A Continuous Friendless Metric

CyberKev and I have been discussing the Friendless metric. You see, the problem is that he's got his above zero, which is a great thing... but let us recap for those of you who don't know what a Friendless metric is. The problem with a large games collection is that you spent a lot of money on a lot of games, and some of them don't get played. In fact, many of them don't get played. You, the non-gamer, may be chortling to yourself thinking "hah, I knew he didn't really buy those games to play - he's just a spendthrift / show-off / wanker / (d) all of the above"... but common wisdom is that 50% of board games never get played. Many are bought as gifts for nephews and nieces who never bother to read the rules. So even though I have 50 games I've never played, that's only 14% of my collection, and I'm doing very well.

A lot of boardgamegeeks keep track of when they play what game on This satisfies a primal geek instinct to gather statistics about ourselves, and will one day provide an anthropologist with awesome data for a Ph.D. thesis on collecting, leisure and obsession.

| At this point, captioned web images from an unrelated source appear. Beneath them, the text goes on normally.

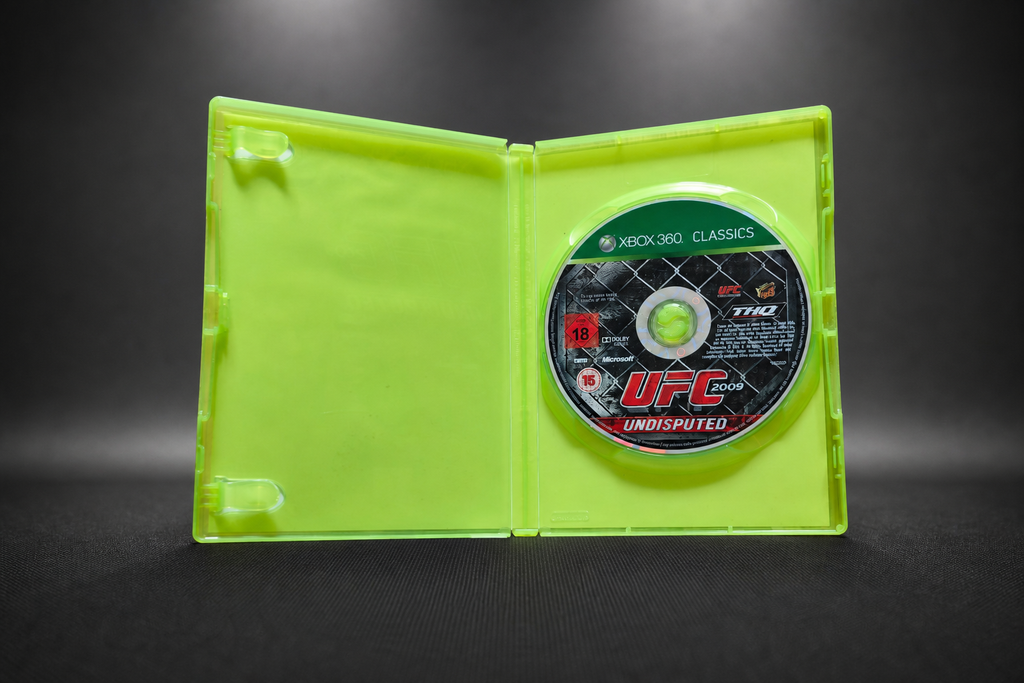 Xbox 360 S (Slim) – 250GB – Schwarz – Bundle mit 6 Spielen & Controller (Gebraucht)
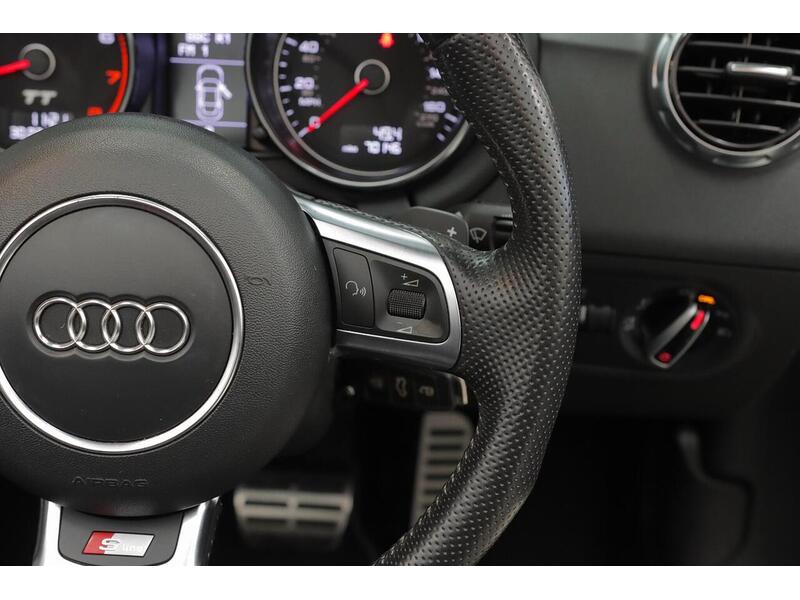 Audi TT 2.0 TFSI S line Roadster S Tronic quattro Euro 5 (s/s) 2dr - U159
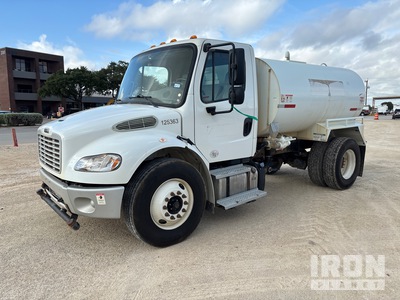 2022 Freightliner M2 106 2000 gal 4x2 Water Truck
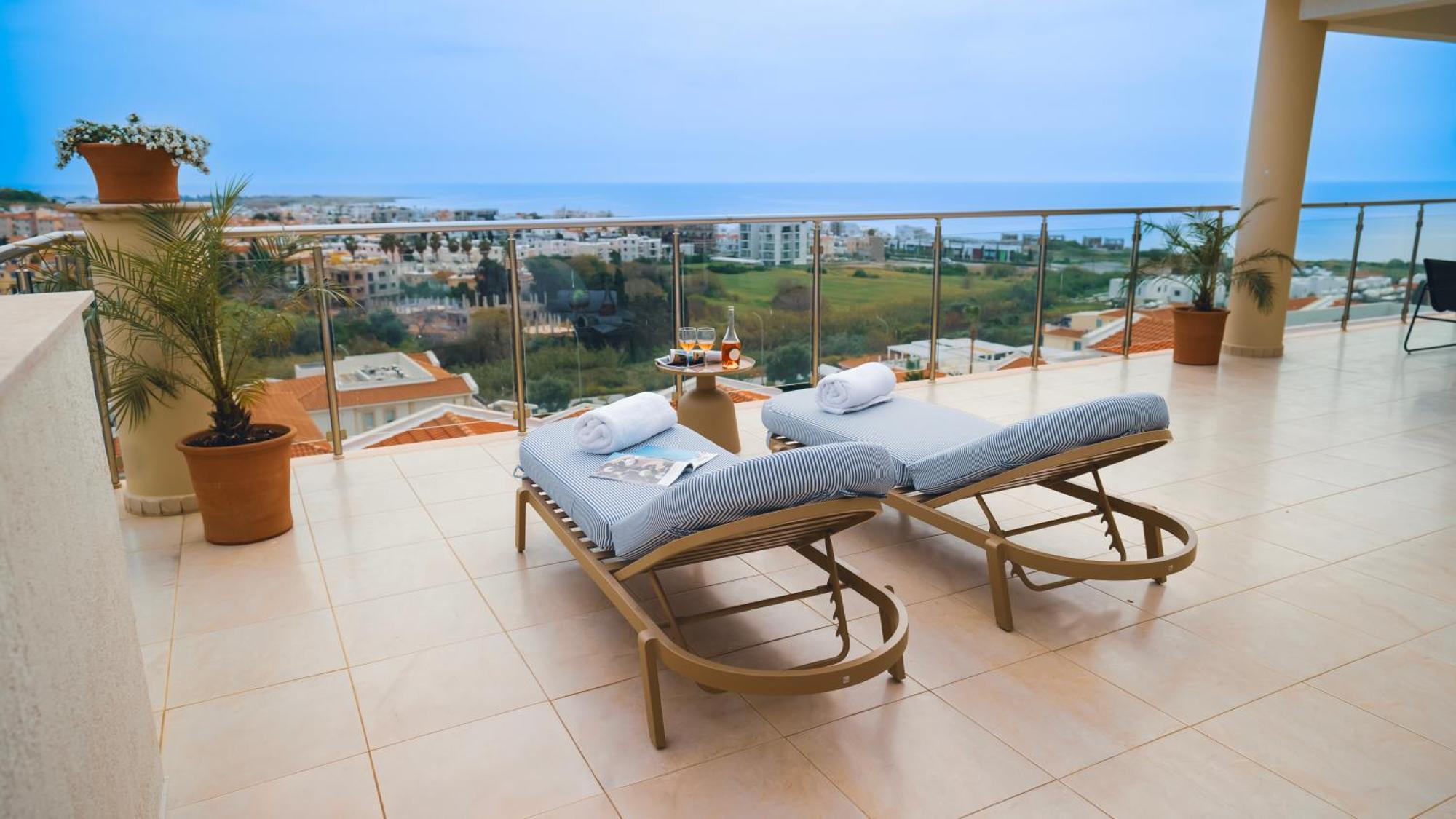 Wellclub - Wellness Family Experience Hotel Paphos Exterior photo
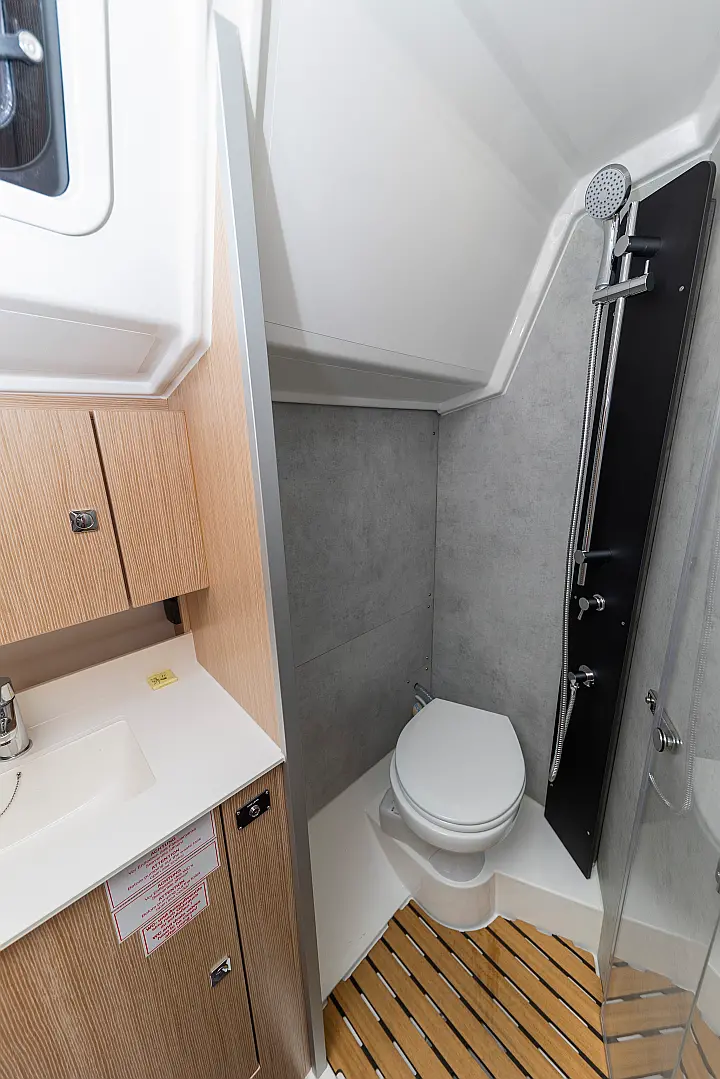 Bavaria C42 - 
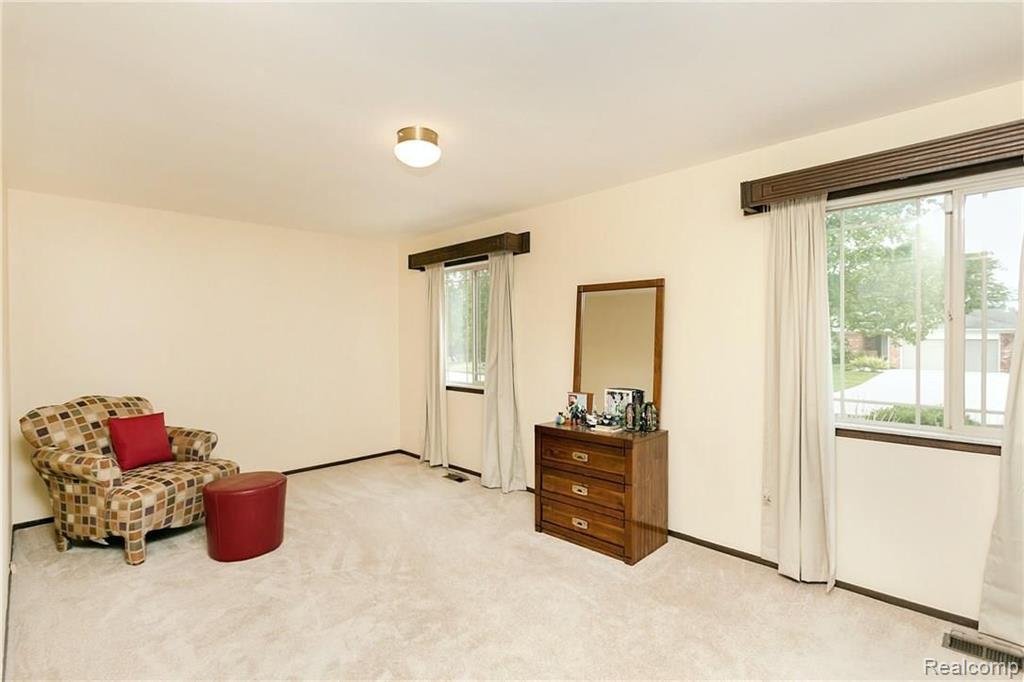 304 Coldiron Drive Rochester Hills, MI 48307 - Photo 19 of 31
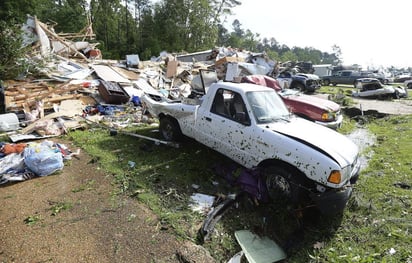 El gobierno de México, a través de la Secretaría de Relaciones Exteriores, expresó sus condolencias al pueblo y gobierno estadounidense por los efectos devastadores que dejó el paso de los tornados en los estados de Oklahoma, Arkansas y Misisipi. (EFE)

One of the purposes to which I put this data is to answer the question "do I really need all these games?" It's geek angst.

Now if I had only a copy of Scrabble, and I'd played it 173 times, I could safely answer "yes". If I had 10,000 games and had still only played Scrabble, I could safely answer "no" (though collecting games is a totally different matter and I don't address that here). So the point is to compare the games you have to the games you play to provide some measure of how much you're really using all those games. That's what the Friendless metric attempts to do.

To calculate the Friendless metric, make a list of all of your games in descending order of how many times you've played them. Scrabble with 173 plays comes first, Triominos with 0 plays comes last. For each game at the beginning with 10 or more plays, we consider that game to have earned its keep. Even better, having played one game that many times, you're forgiven one at the other end which you haven't played so much. So for playing Scrabble so many times we'll forgive you for never playing Triominos. People who play games tend to accumulate them, so we'll assume that was a gift. Then, we look at how many times you've played the last game remaining on the list... and that's your Friendless metric. The higher the better. Most bggeeks have a value of zero, so I extended the definition to go into negatives. A value of -x tells you that to get to a Friendless metric of 1 you need to play x more of your games that you've never played. Mine has been between -8 and -2 for most of the year, and just today reached 1 for the first time! Woohoo!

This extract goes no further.